How to complete this task: Transcribe the records below exactly, leaving out any pictures.

══ Task input ══

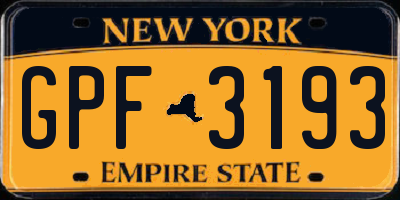 NY license plate GPF3193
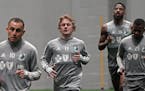High-priced teenager Thomas Chacon (center) practices with Minnesota United for the first time. ]
brian.peterson@startribune.com
Blaine, MN
Tuesday, A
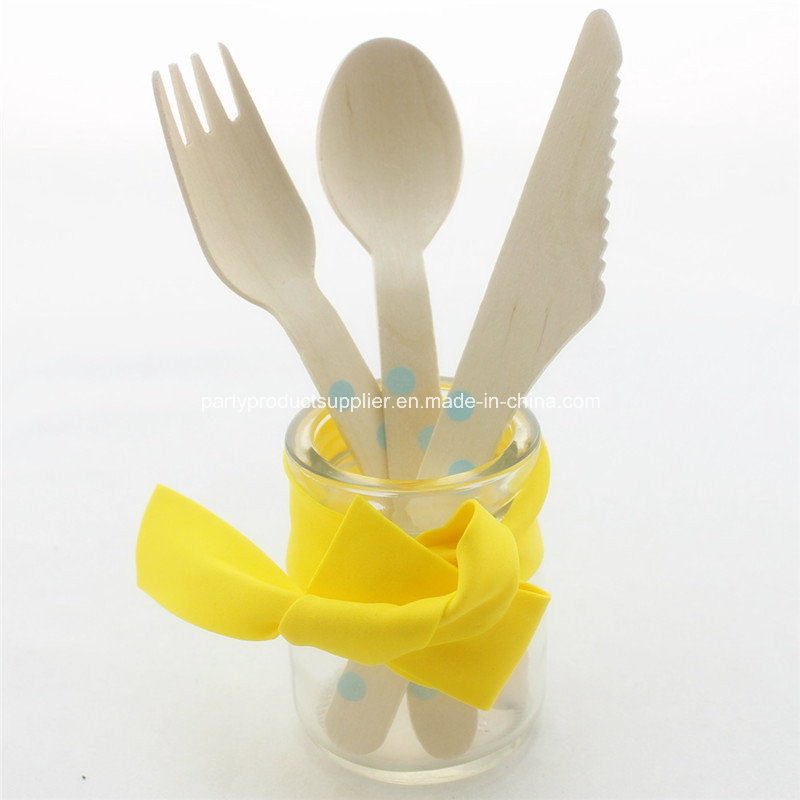 Colored Striped Wooden Cutlery Party Tableware with SGS Tested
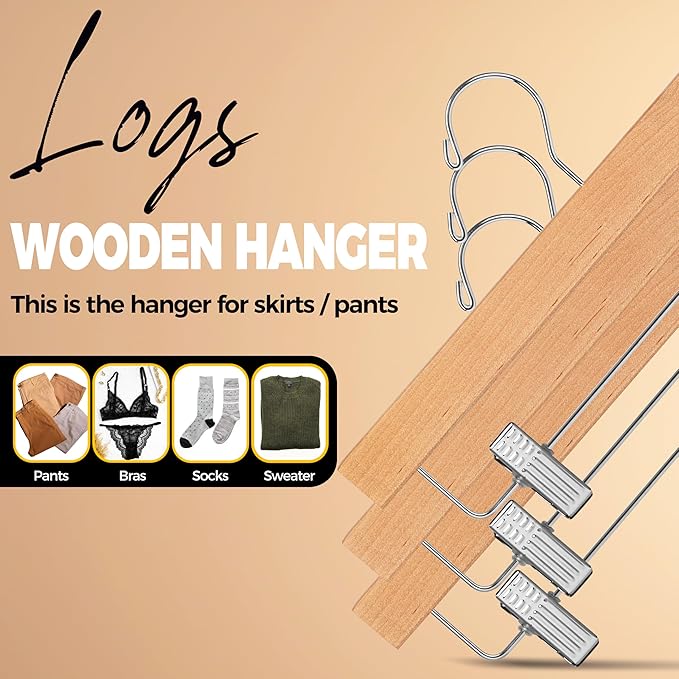 Quality Hangers Wooden Pants Hangers - 10-Pack Swivel Hook Cloth Hanger Set - Lotus Wood Skirt, Pant, Shorts and Slack Hangers with Adjustable Clip - Natural Clothing Hanger Set in 6 Modern Colors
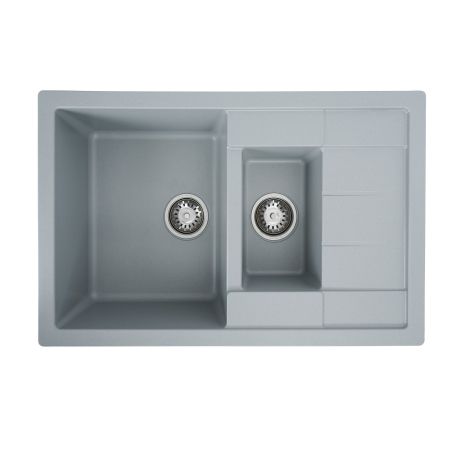 Гранітна мийка для кухні VALESO 7850W TOSKANA матова Сірий металік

═══

Completed task:
 NY license plate GPF3193
High-priced teenager Thomas Chacon (center) practices with Minnesota United for the first time. ]
brian.peterson@startribune.com
Blaine, MN
Tuesday, A
 Colored Striped Wooden Cutlery Party Tableware with SGS Tested
 Quality Hangers Wooden Pants Hangers - 10-Pack Swivel Hook Cloth Hanger Set - Lotus Wood Skirt, Pant, Shorts and Slack Hangers with Adjustable Clip - Natural Clothing Hanger Set in 6 Modern Colors
 Гранітна мийка для кухні VALESO 7850W TOSKANA матова Сірий металік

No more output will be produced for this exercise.